I have one of those lower end Home-Theater-in-a-Box type systems (Durabrand HT-3918) that I currently use for TV and computer audio.

Not too long ago, I noticed the top of the subwoofer (where everything is connected to) was getting really dusty, so I took the nearest thing I had (a sock as I am in a college dorm that gets very dusty) and dusted the top off. But as I was doing that, the system started making strange noises. The first thing it did was make some sort of electronic "whoosh" sound and the audio quality became really crappy. If I tried to change the input via the remote, the speakers then started making a loud buzzing noise and the LED on the front of the subwoofer turned red.
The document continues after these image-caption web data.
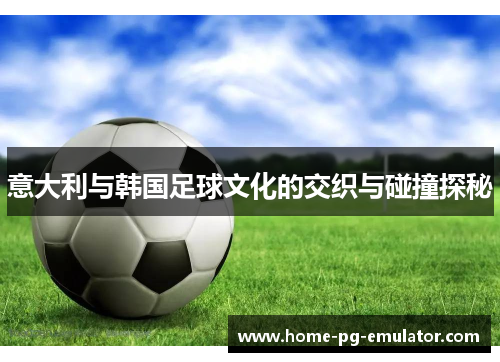 意大利与韩国足球文化的交织与碰撞探秘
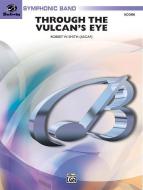 Through The Vulcan's Eye 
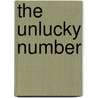 The Unlucky Number by Sybil Colbert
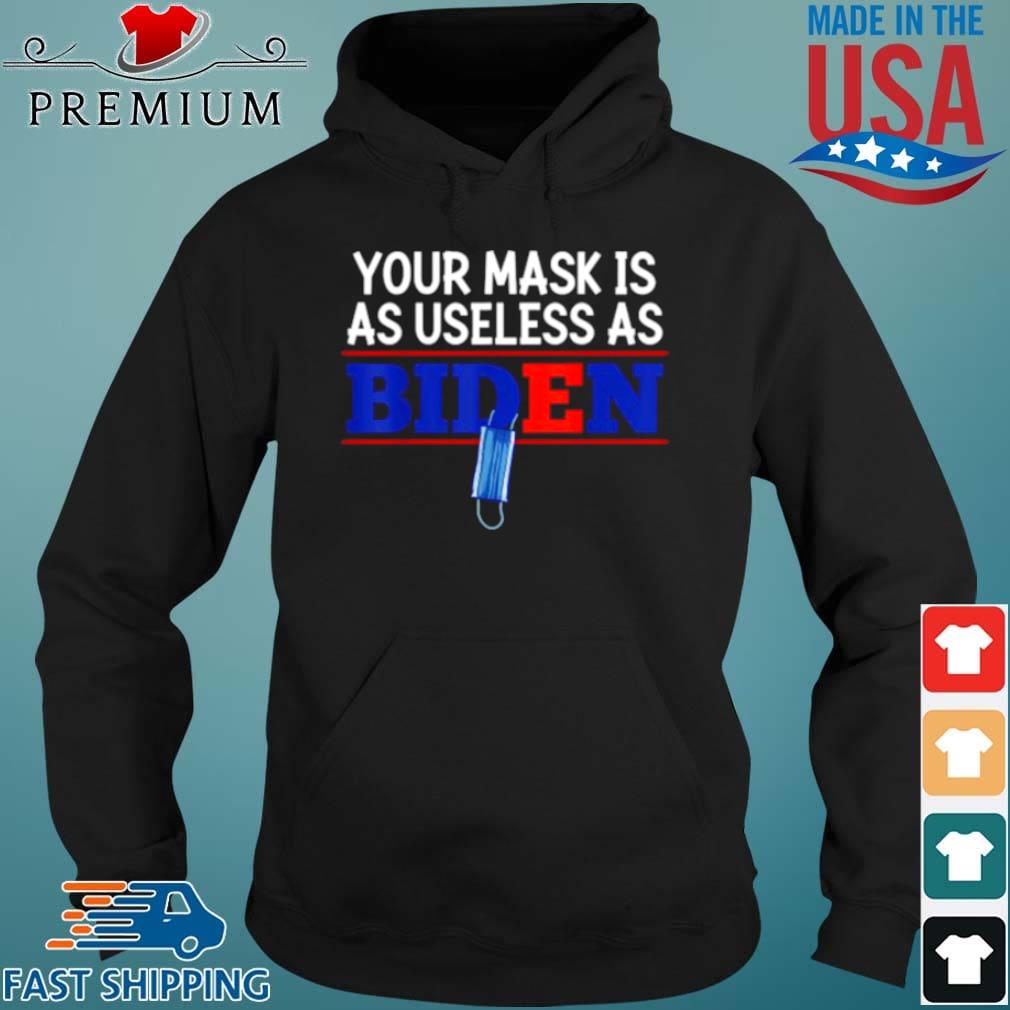 Your Mask Is As Useless As Biden Shirt Hoodie den
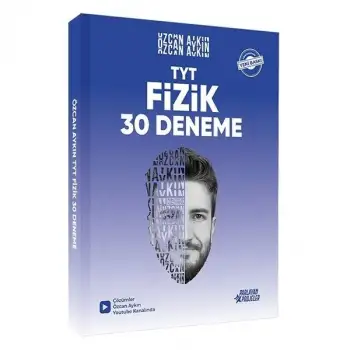 TYT Fizik 30 Deneme Tamamı Video Çözümlü  - Özcan Aykın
Because of this, I am seriously thinking about disconnecting the unit out of fear of safety.

Do you know what this would be caused by, and whether or not if my HTIB can be used any further without worry of it blowing up or something? The only thing I could think of is that when I was cleaning off the top of the unit with a sock, static electricity somehow affected the internals of the unit causing it to go crazy.
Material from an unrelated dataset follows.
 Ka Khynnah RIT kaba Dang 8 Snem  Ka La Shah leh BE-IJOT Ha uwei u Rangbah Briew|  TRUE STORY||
Any answer would be greatly appreciated.


----------



## bobukcat (Dec 20, 2005)

music_beans said:


> Hello there.
> 
> I have one of those lower end Home-Theater-in-a-Box type systems (Durabrand HT-3918) that I currently use for TV and computer audio.
> 
> ...


Unplug it for a while and then plug it back in, if it works don't worry about it, if it's not working anyway you might as well unplug it to be sure.


----------



## Yoda-DBSguy (Nov 4, 2006)

If it's a cheap Home theater in a Box; it may have speaker wires runing to the sub instead of a rca style connection. check to make sure they aren't touching eachother as everything you described can be caused by a simple short.

I say this as you stated that this happened while and maybe even after you "touched"/"cleaned" the sub.

Next time use a rag, as I'd get pissy too if you rubbed me the wrong way and with a "sock" to boot :lol:


----------



## music_beans (Mar 21, 2003)

Yoda-DBSguy said:


> If it's a cheap Home theater in a Box; it may have speaker wires runing to the sub instead of a rca style connection. check to make sure they aren't touching eachother as everything you described can be caused by a simple short.
> 
> I say this as you stated that this happened while and maybe even after you "touched"/"cleaned" the sub.
> 
> Next time use a rag, as I'd get pissy too if you rubbed me the wrong way and with a "sock" to boot :lol:


Well, I didn't have a rag with me at the time though, so I just used what I had at hand.  Though I will use a rag next time though.

The system did do the same thing when I rubbed the top with my bare hand as well. That makes me think it could just be static electricity at work. I almost forgot to mention that the system does return to normal working order after the main power switch is turned off and back on again.

And, I made sure there were no shorts in the wires leading to the subwoofer.


----------